So yeah, there was some okay stuff in there. I thought some of the comics were lousy and unimaginative, too, and some of the creative contributions either unfocused or outright cynical. I thought some of the comics dragged on for much longer than paper-thin plots demanded. I thought as a whole they were at best pretty ordinary DC Comics of the last twenty years variety, despite several flourishes of craft and the underlying strength of some of the character designs and concepts. The Before Watchmen comics frequently felt as cobbled together and furiously last-second as rumors had it they were. They felt like assignments. Nothing about anything that was good in those comics depended on mining Watchmen.

There was a better outcome for Watchmen than Before Watchmen.

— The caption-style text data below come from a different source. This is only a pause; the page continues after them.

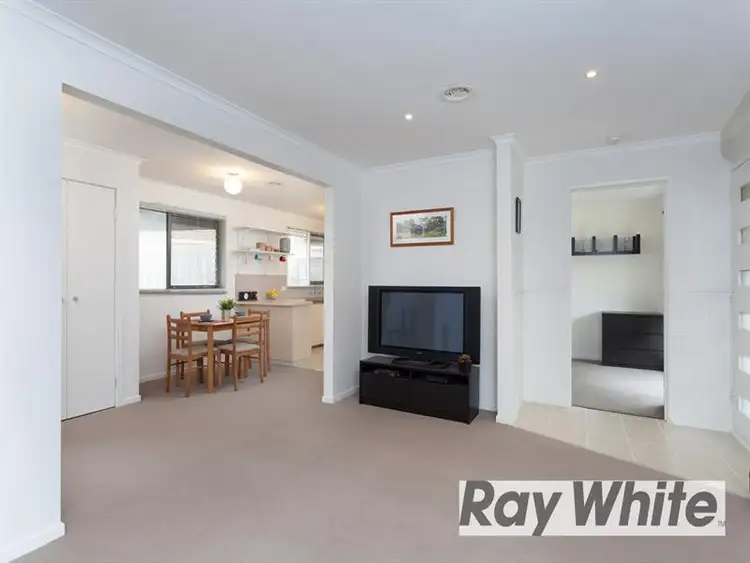 Second view of Homely house listing, 7 Sandra Ct, Somerville VIC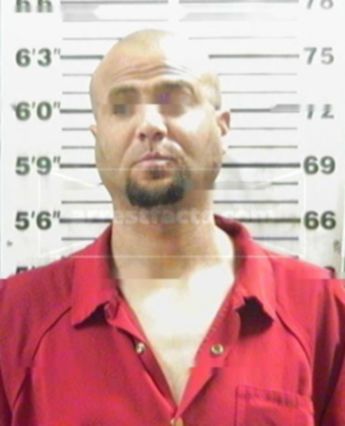 Clifford Mike Patterson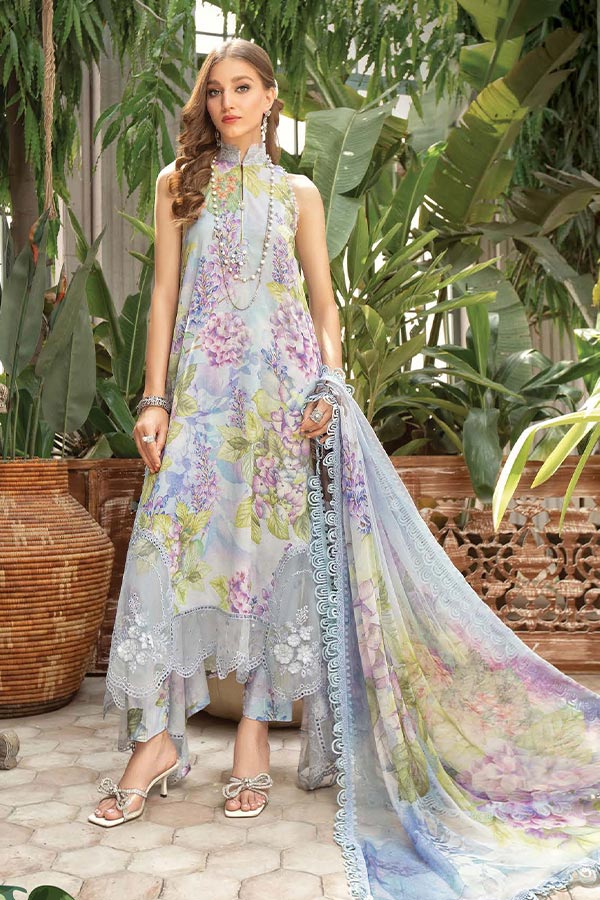 Maria.B M/Prints Collection`23 D#1-B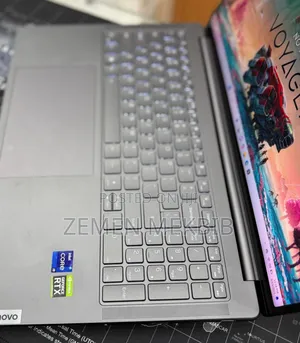 New Laptop Lenovo Legion 5 32GB Intel Core I9 SSD 1T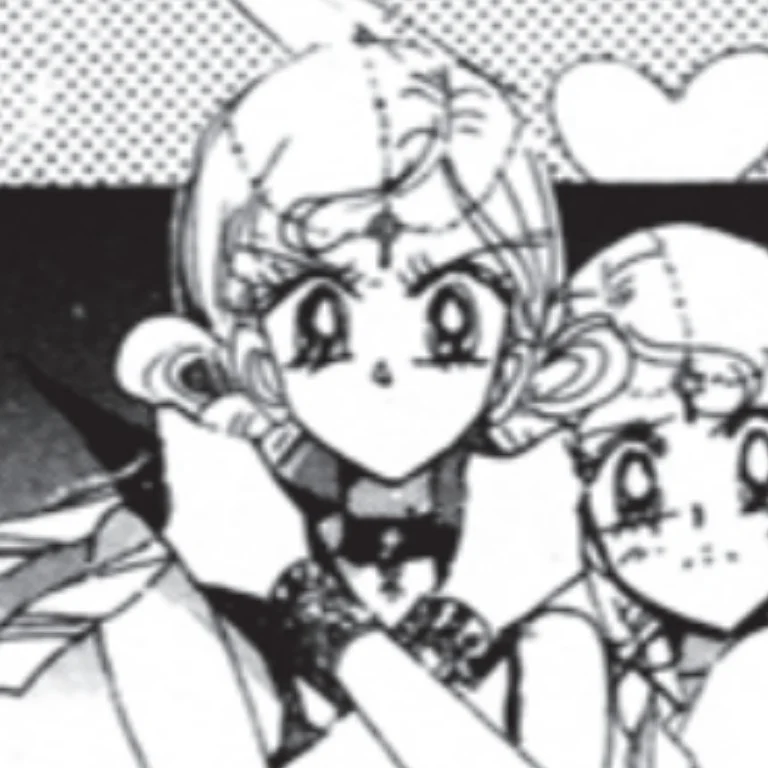 Sailor Lethe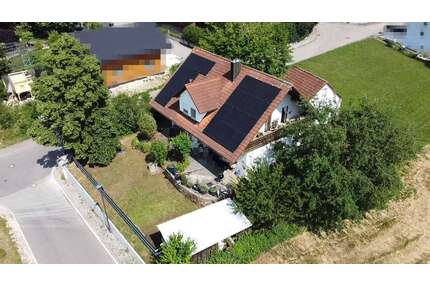 Haus zum Kaufen in Schiltberg Rapperzell 729.000,00 € 187.71 m² - Schiltberg / Rapperzell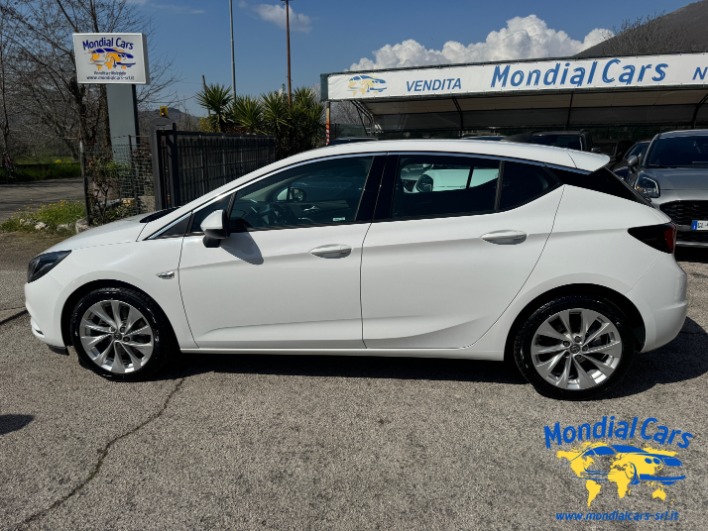 Opel Astra Astra V 2016 5p 1.6 cdti Innovation s - immagine 8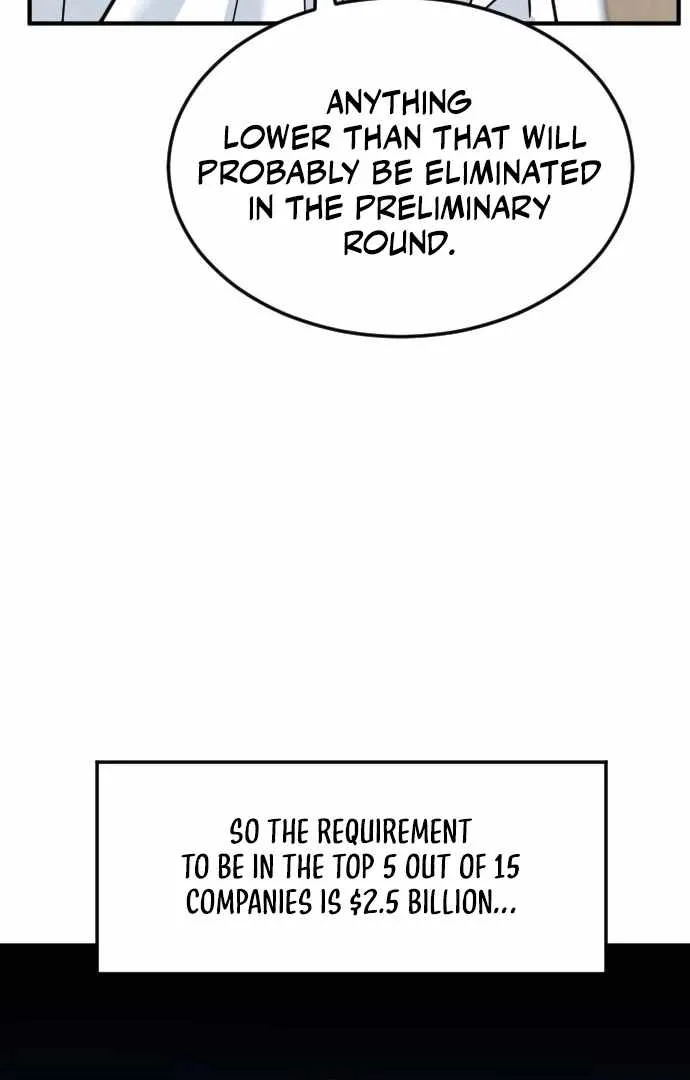 The Investor Who Sees The Future Chapter 63 page 84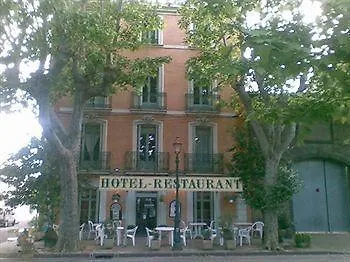 Restaurant Aux Deux Freres Agde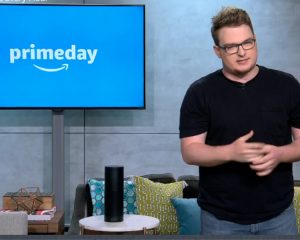 amazon deal reveal live stream prime day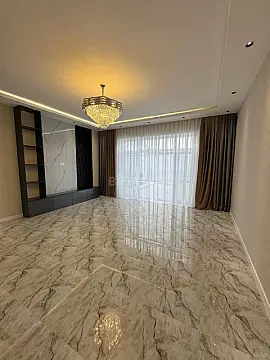 Satılır 4 otaqlı həyət evi 155 m²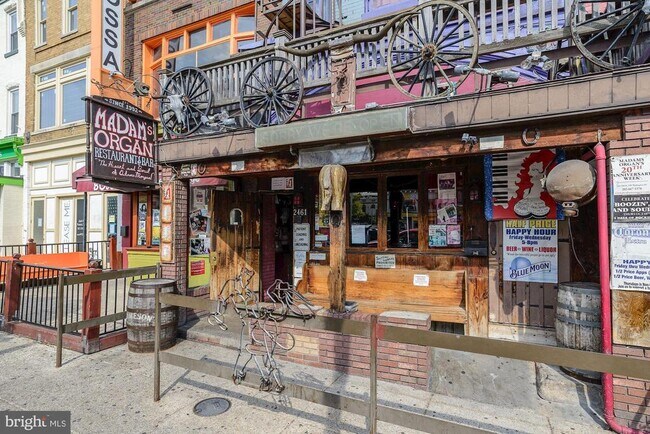 Building Photo - 2707 Adams Mill Rd NW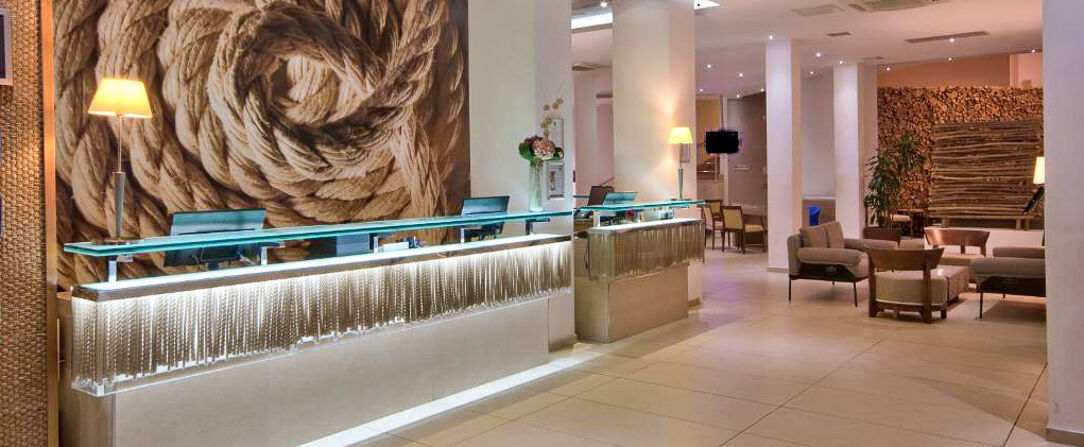 Db Seabank Resort & Spa ★★★★ - Vacances plaisir et détente dans une adresse d’excellence sous le soleil de Malte. - Malte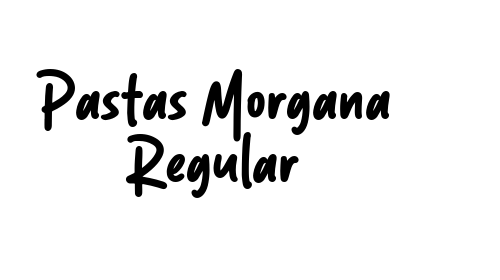 Pastas Morgana Regular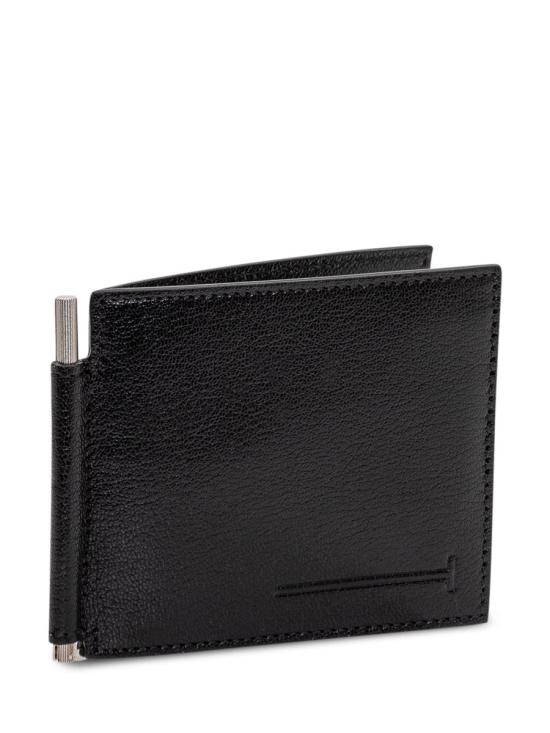 26SS 톰포드 남성지갑 YH412LGO033S NAA Black - TOMFORD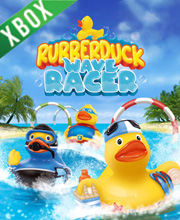 Rubberduck Wave Racer Xbox One
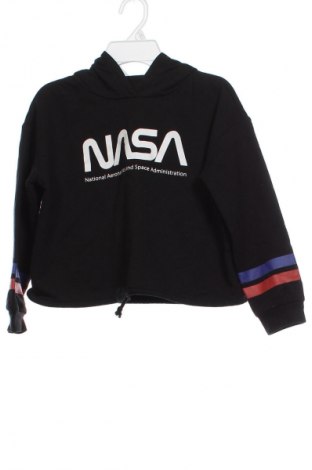 Hanorac pentru copii Sinsay, Mărime 8-9y/ 134-140 cm, Culoare Negru, Preț 58,99 Lei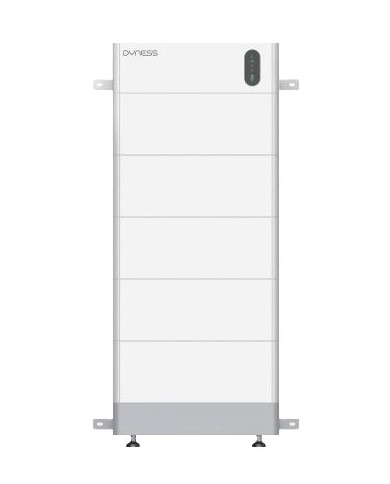 DYNESS Tower Pro TP19 LiFePO4 Batterie 19.2 kWh
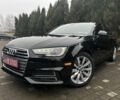 Чорний Ауді А4, об'ємом двигуна 2 л та пробігом 50 тис. км за 16700 $, фото 1 на Automoto.ua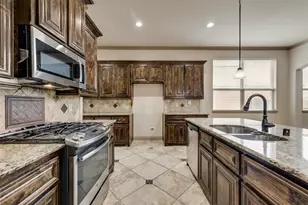 3132 Marble Falls Dr, Forney, TX 75126 - Photo 3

You don't have to argue the 100 percent failure of something in order to be critical of it. High moral certainty dependent on an overlay of fantasy sounds like a worldview that the original Watchmen would pull apart and criticize.

We can have better discussions, talks and debates where the end result is more significant than winning a point by shouting the loudest and saying the most nasty things into empty space. We too frequently settle for spinning around and accepting some high-fives when the point should be to educate each other and change the way things are done. We are a clever people, and there is room to argue about things that falls somewhere between slamming the recently deceased and a kind of imperious "you're with me or against me."

There is a better outcome for the comics industry than Before Watchmen.

3. Watchmen's Reputation Felt The Impact Of This Ill-Conceived Attempt To Create Work In Its Wake, But May Not Suffer As Greatly As Some Feared

I do think these books, like the movie version -- which I thought a ham-fisted misfire and unintentionally funny throughout, although also with a few laudable moments of craft -- will have an effect on how many see the original work, if only by setting up in close creative proximity to that work. When the original work asks a question, and we've been given an answer elsewhere, it's almost impossible not to at least remember that answer. It's a risk of doing that kind of art. I never wanted to know what happened to the characters in The Last Picture Show, but I have a sense of it. It's Hayden Christensen under that black helmet. Jake Gittes will recover from the ending of Chinatown to eventually get hired by Jake Berman. TS Garp looks like Robin Williams, at least a little bit, and the Comedian played touch football with the Kennedys.

One surprising thing about Before Watchmen was how badly the needs of these series were served by what Moore and Gibbons did in the original work. Characters created for a novel, or a specific story, no matter how entertaining, are not necessarily fodder for franchise creation. Unlike characters such as Superman and Sherlock Holmes, whose reasons for being are tied into pretty basic themes and concepts, the Watchmen characters were more complicated creations that refer to older comic books as much as the broader concepts behind them. These characters really only fully exist in the realm of that story; they are elements of that story. When people point out in the ongoing game of Internet Gotcha that Moore and Gibbons considered outside projects once upon a time, they miss the wider point that in the end these never fully materialized, and that this was a positive. It would take a much grander and more clever project than this one to repurpose these characters in a way they have anything close to the full impact they fostered in the original Watchmen. It's something an Alan Moore might have been able to do, but even then I'm not so sure.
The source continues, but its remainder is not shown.